11  Danger Zone

The following are very brief thoughts on common pitfalls in modeling we thought of while writing this book. This is not meant to be comprehensive, but rather a quick reference for common things we think you’d probably want to avoid. We’re not going to tell you not to do these things, but we are going to tell you to be very careful if you do, and be ready to defend your choices.

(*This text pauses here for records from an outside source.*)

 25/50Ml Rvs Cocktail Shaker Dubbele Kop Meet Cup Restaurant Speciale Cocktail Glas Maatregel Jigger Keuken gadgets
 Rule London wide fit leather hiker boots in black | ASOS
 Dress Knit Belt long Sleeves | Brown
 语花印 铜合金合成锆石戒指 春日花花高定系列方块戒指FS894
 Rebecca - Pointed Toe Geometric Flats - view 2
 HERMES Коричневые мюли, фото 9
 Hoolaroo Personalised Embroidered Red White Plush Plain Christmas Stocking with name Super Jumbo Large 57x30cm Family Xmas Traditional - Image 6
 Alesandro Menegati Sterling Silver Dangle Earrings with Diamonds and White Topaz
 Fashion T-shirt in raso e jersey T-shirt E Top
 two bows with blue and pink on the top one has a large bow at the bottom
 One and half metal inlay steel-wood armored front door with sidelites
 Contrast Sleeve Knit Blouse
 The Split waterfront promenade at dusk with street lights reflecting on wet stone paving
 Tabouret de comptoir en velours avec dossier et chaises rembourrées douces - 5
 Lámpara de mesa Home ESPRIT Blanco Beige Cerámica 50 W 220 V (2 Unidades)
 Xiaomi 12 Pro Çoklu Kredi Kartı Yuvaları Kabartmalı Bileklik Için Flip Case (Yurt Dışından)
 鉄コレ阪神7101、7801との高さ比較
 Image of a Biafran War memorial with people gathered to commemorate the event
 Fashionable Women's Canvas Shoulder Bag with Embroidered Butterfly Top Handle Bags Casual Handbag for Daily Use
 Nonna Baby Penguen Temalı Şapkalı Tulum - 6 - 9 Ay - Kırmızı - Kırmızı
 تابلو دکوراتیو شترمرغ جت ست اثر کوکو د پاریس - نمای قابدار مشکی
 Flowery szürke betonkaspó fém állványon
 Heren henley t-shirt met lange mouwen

11.1 Things to Generally Avoid

LM:

  • stepwise/best subset regression
  • focusing on statistical significance while ignoring predictive/practical results
  • forgetting to rely heavily on domain knowledge
  • forgetting to rely heavily on visualizations
  • use statistical tests in lieu of visualizations or practical metrics for assumptions
  • compare models with R2
  • drop/modify extreme values

GLM:

  • Use pseudo-R2 for any important conclusion. These aren’t very useful and will never really be the R2 you get from OLS.
  • Think accuracy is the primary metric for your logistic regression.
  • Think GLMs are enough for your problem. For example, Poisson’s assumption of mean = variance is very restrictive and typically doesn’t hold.

Estimation:

  • overly worry about distribution if primary goal is interpretation
  • assume a bootstrap is good enough for inference
  • be overly concerned with which optimization technique you choose

Data:

  • forget to transform your features
  • use simple imputation (like the mean, modal category) when you’re missing a lot of data
  • make something binary when it naturally isn’t and has notable variability
  • Forget that large data can get small very quickly due to class imbalance, interactions, etc.

ML:

  • use a single model without any baseline
  • start with a complicated model
  • use a simple .5 cutoff for binary classification
  • binarize your target just so you can do classification
  • use a single metric for model assessment
  • ignore uncertainty in your predictions or metrics
  • compare models on different datasets
  • let training leak into test set
  • assume variable importance is telling you what you think it is
  • assume that because your approach dropped a feature that it has no effect on the target
  • use a model just because it seems popular
  • use a model just because it’s the only one you know
  • use older black box methods that don’t keep up with more modern techniques
  • forget to scale your data
  • forget that the data is more important than your modeling technique
  • forget you need to be able to explain your model to someone else (goes for your code also)
  • assume that grid search is good enough for all or even most cases
  • ignore temporal/spatial data structure
  • think deep learning will solve all your problems
  • use shap for feature importance (it wasn’t meant for this and can be very misleading)
  • using ranks orders of predictions without understanding the increased uncertainty

Causal:

  • pretend a modeling technique can prove a causal relationship
  • think random assignment can prove a causal relationship
  • ignore confounding variables
  • ignore the possibility of reverse causality
  • ignore the possibility of selection bias
  • ignore measurement error

11.2 Perfect is not Possible

Your model will never be perfect. Time, money, and other constraints will conspire to make sure of that, and you will always have to make trade-offs. You’re also human, and mistakes will be made. The best you can do is to be aware of these limitations and do your best to mitigate them. Modeling is about exploration and discovery, and the best models are the ones that are the most useful, not the most perfect.